Et putain, quel pied. Je ne vois pas quoi dire d'autre pour résumer ces nouveaux titres.
Warfuck fait honneur tant à son nom qu'au genre tout entier. C'est que
"Diptyque" concentre absolument
tout ce que connaisseur et curieux peuvent rechercher dans le genre : du blast-beat au kilomètre, un étalage de riffs qui font relever la narine et froncer les sourcils, des compositions qui, "Fimencer" mis de côté, ne dépassent pas les deux minutes... Et des bonnes idées à la pelle ! C'est là que nos deux compères font fort. La concision de leurs frappes ne les empêchent jamais d'incorporer des tournures particulières, des breaks tonitruants, et des
samples de morveux et autres gens pas forcément très éveillés qui sont autant de respirations bienvenues au milieu d'un déluge de coups. Grand galop suivi de
mid-tempo tentaculaire, avec un Nico qui régale de son chant délicieux, entre glapissements hystériques et raclements de gorge forcés, terrifiants : "Marvers", qui ouvre le disque, a le mérite de plonger directement dans le bain d'acide.
"Diptyque" oscille entre agressions purement frontales (les monstrueux "Pansemental", "Lavaune", "Sament" ou "Malopre" en sont de bons exemples) et
tracks taillées pour faire remuer le fondement : d'un groove irrésistible ouvrant "Embêtard" jusqu'au
"La vie est si belle, les yeux fermés les oreilles bouchées" qu'on reprendra tous en cœur comme des ânes lorsque le groupe défendra "Ignolve" sur les planches, passant par les
D-beats obèses d'un "Piur",
Warfuck a su varier son jeu. Pédaler tête dans le guidon ? Oui, mais avec style, Monsieur.
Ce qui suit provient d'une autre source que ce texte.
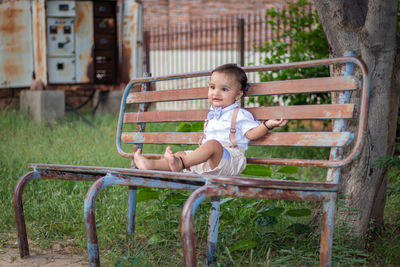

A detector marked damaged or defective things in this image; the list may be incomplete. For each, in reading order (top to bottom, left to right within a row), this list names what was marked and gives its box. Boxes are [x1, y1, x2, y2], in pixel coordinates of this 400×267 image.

rusty iron bench [13, 53, 368, 266]
corroded metal leg [13, 173, 35, 258]
corroded metal leg [83, 174, 123, 267]
corroded metal leg [180, 186, 208, 267]
corroded metal leg [320, 194, 336, 266]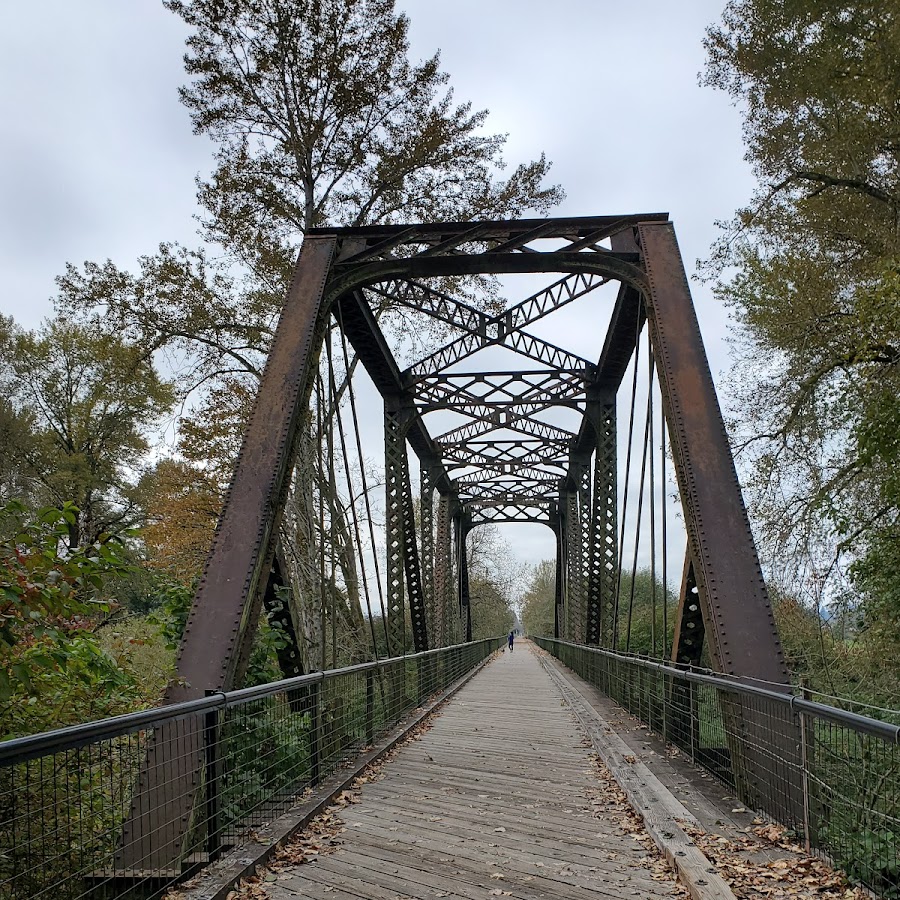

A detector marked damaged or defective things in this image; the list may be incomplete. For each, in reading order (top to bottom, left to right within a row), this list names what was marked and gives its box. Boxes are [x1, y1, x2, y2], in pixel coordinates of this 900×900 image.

rusty steel truss [116, 214, 792, 868]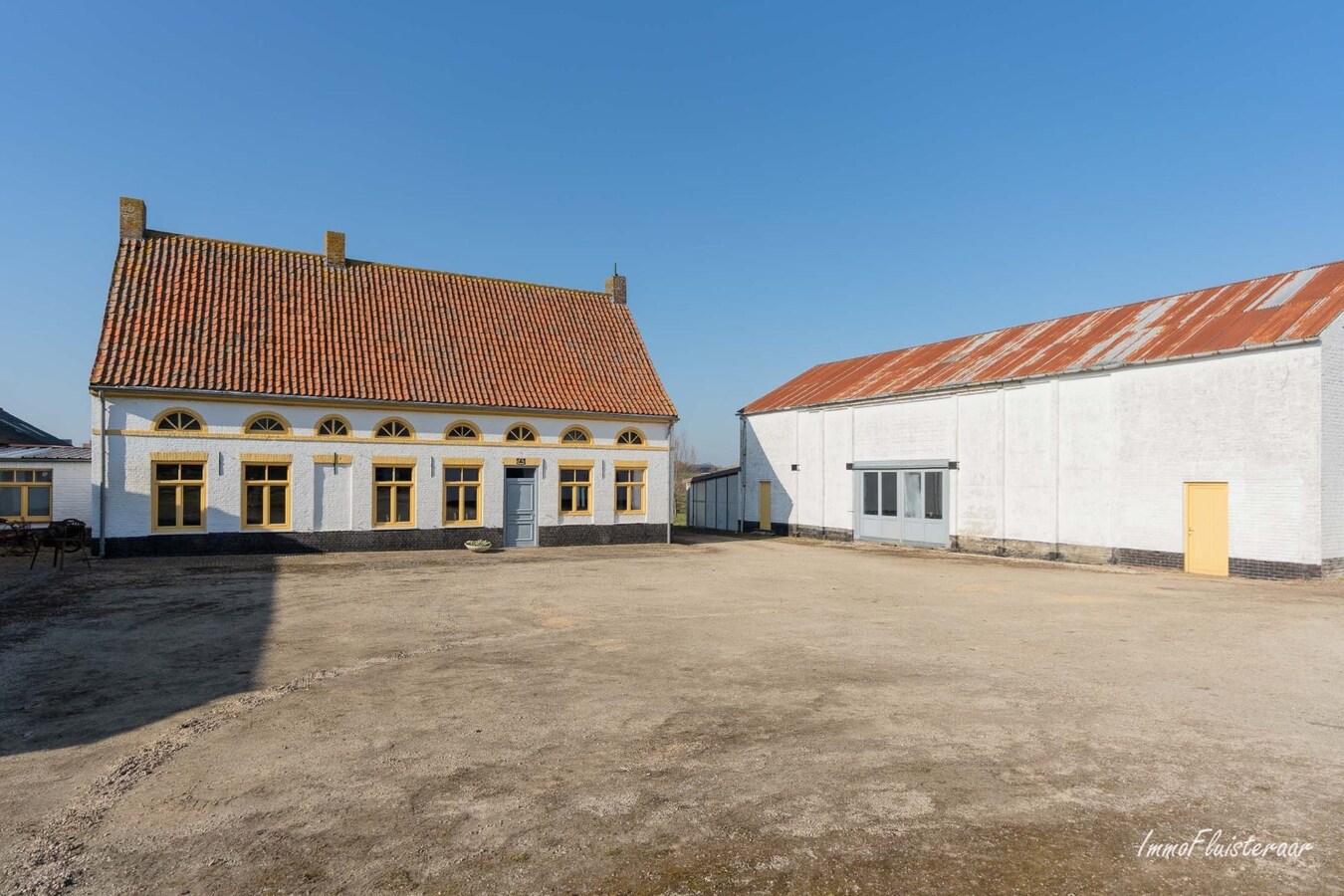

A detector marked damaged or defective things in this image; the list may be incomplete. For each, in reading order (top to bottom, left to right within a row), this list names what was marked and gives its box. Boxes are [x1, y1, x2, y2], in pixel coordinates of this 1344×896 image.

rusty metal roof [741, 257, 1344, 414]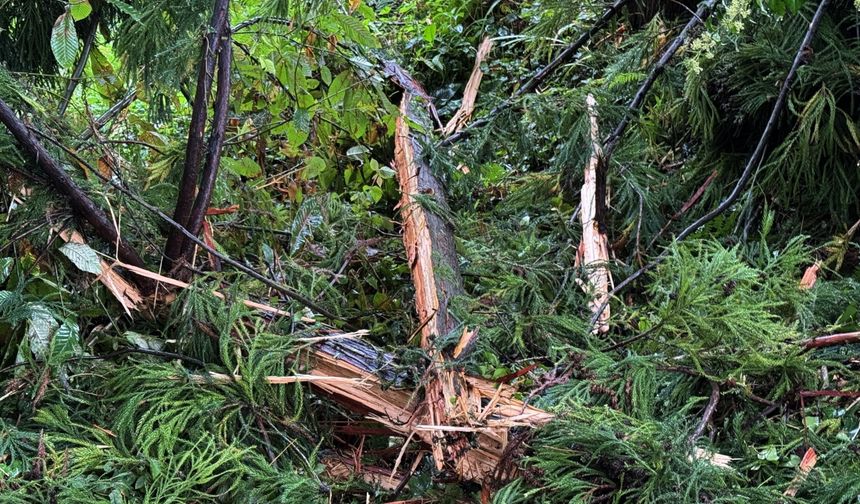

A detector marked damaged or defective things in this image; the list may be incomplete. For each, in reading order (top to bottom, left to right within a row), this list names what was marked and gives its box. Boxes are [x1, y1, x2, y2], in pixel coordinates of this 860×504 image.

splintered wood [576, 94, 612, 332]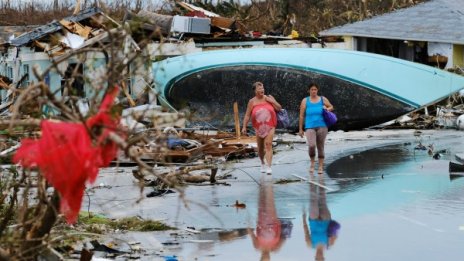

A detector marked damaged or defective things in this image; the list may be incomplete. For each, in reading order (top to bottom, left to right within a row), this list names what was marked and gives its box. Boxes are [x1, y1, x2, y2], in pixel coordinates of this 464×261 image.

damaged roof [7, 6, 104, 46]
broken roof edge [7, 6, 105, 47]
damaged roof [320, 0, 464, 44]
damaged house [320, 0, 464, 69]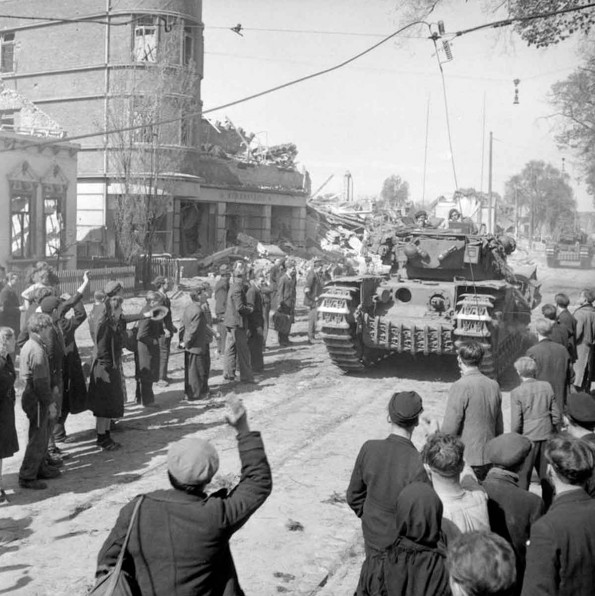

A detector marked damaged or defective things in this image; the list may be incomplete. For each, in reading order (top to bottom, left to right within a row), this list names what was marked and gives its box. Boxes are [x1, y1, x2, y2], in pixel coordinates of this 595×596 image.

broken window [133, 16, 156, 62]
damaged building [2, 0, 312, 260]
broken window [10, 184, 33, 258]
broken window [42, 187, 65, 258]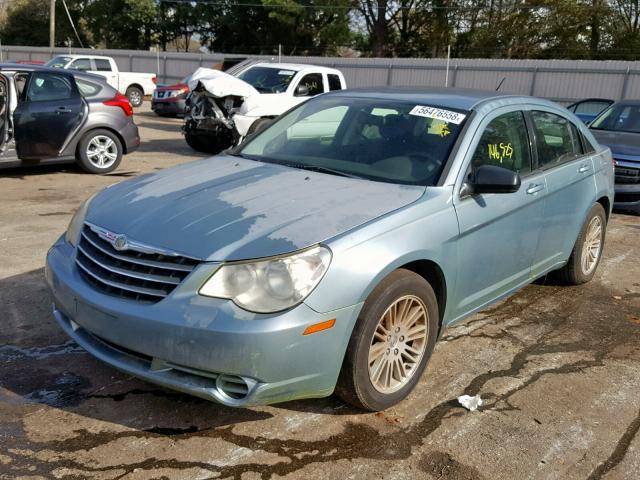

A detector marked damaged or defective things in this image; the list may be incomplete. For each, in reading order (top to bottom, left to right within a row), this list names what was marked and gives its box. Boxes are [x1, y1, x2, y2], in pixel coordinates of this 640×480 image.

damaged white car [182, 62, 348, 152]
cracked pavement [1, 106, 640, 480]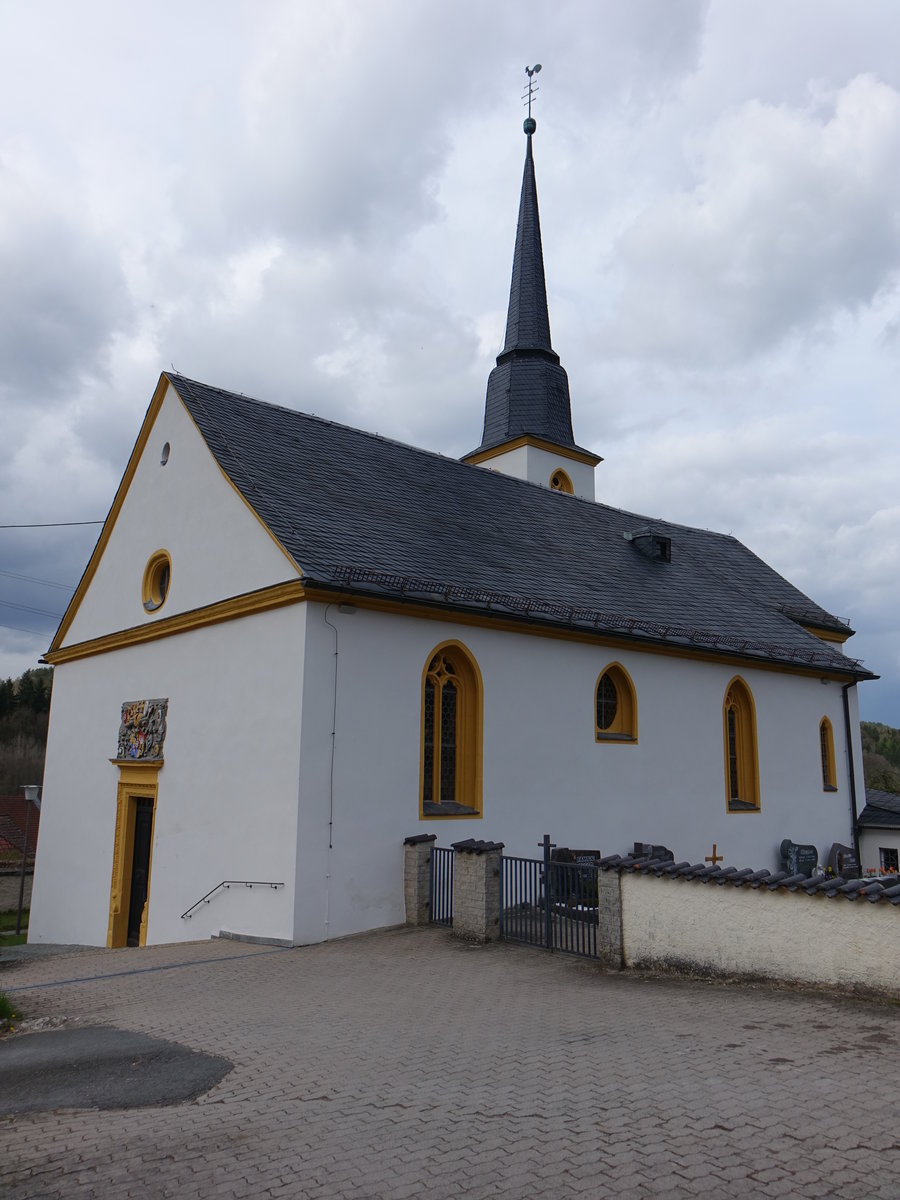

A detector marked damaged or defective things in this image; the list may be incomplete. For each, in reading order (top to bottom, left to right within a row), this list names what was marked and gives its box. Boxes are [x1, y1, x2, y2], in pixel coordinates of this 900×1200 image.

asphalt patch on ground [0, 1022, 232, 1113]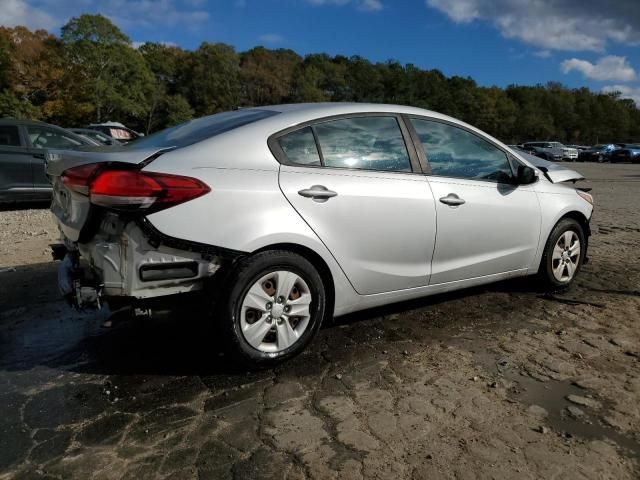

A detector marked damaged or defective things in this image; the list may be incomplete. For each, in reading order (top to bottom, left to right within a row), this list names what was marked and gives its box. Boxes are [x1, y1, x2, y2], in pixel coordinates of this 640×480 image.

Parlant de style, de classe, on mentionnera d'abord les quelques
featurings parsemant son nouvel opus, entre Ugo Wuul et Commissaire (
Lovgun) sur "Ignolve", Giny (
LØVVE) sur "Trego", un solo de Math (
Obnoxious) habillant "Sament"... Et surtout, Pibe (
Buffet Froid, mais surtout
Whoresnation) sur l'excellent titre de clôture, "Grichélisé", gourmand mélange de Hip-Hop de schlag sur fond sonore écrasant, dispensant quelques punchlines tant débiles (
"Ordre et sécurité, mais au Lidl vous resquillez") que bien senties (
J'ai pas l'esprit manichéen / mais mate les gens c'est tous des chiens / tu jettes la balle ils ramènent rien"). Parlant des paroles, on ne pourra que chaudement recommander d'acheter l'album en dur pour pouvoir se pencher sur ces dernières, cadavres exquis tantôt revendicatifs, tantôt amers, cerise sur le gâteau d'un disque qui reste solide de la première à la dernière seconde.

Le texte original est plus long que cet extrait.